**Goal of the exercise**
Would you write out the entries that follow word for word, omitting any images?

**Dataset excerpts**
_ _ _ _
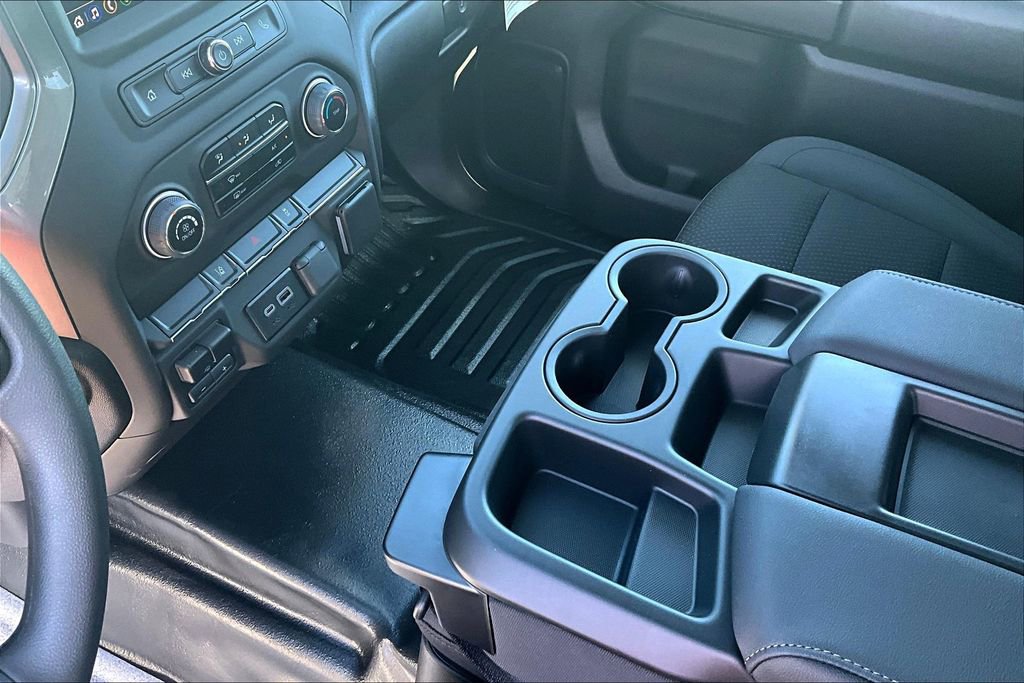 New 2025 Chevrolet Silverado 3500 W/T w/ WT Convenience Package image 8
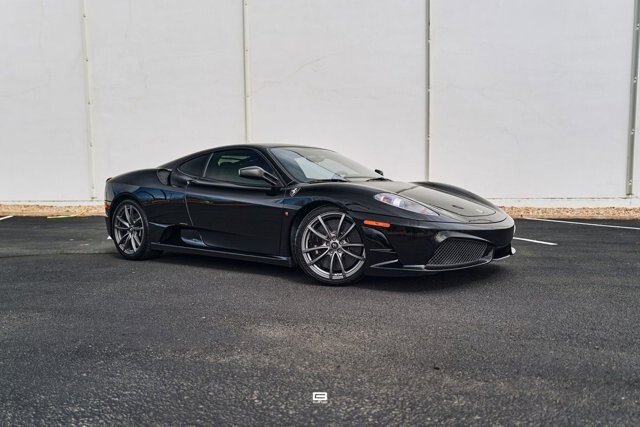 2008 Ferrari F430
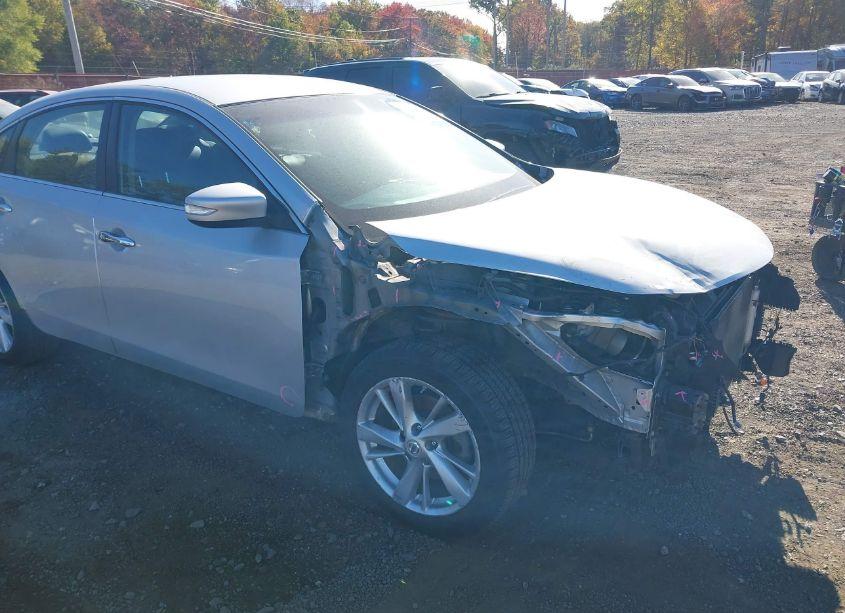 Photo 17 of 2014 Nissan Altima 2.5 SL (VIN 1N4AL3APXEC163680)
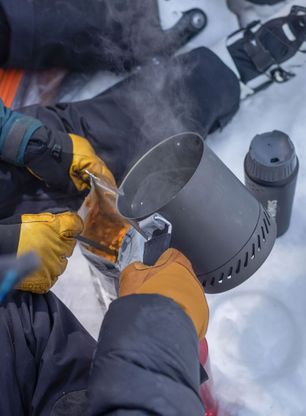 Туристическа тенджера Primus Ulti Pot 1.0 L
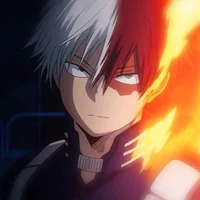 Shoto Todoroki - MHA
_ _ _ _
**Solution to this problem**
 New 2025 Chevrolet Silverado 3500 W/T w/ WT Convenience Package image 8
 2008 Ferrari F430
 Photo 17 of 2014 Nissan Altima 2.5 SL (VIN 1N4AL3APXEC163680)
 Туристическа тенджера Primus Ulti Pot 1.0 L
 Shoto Todoroki - MHA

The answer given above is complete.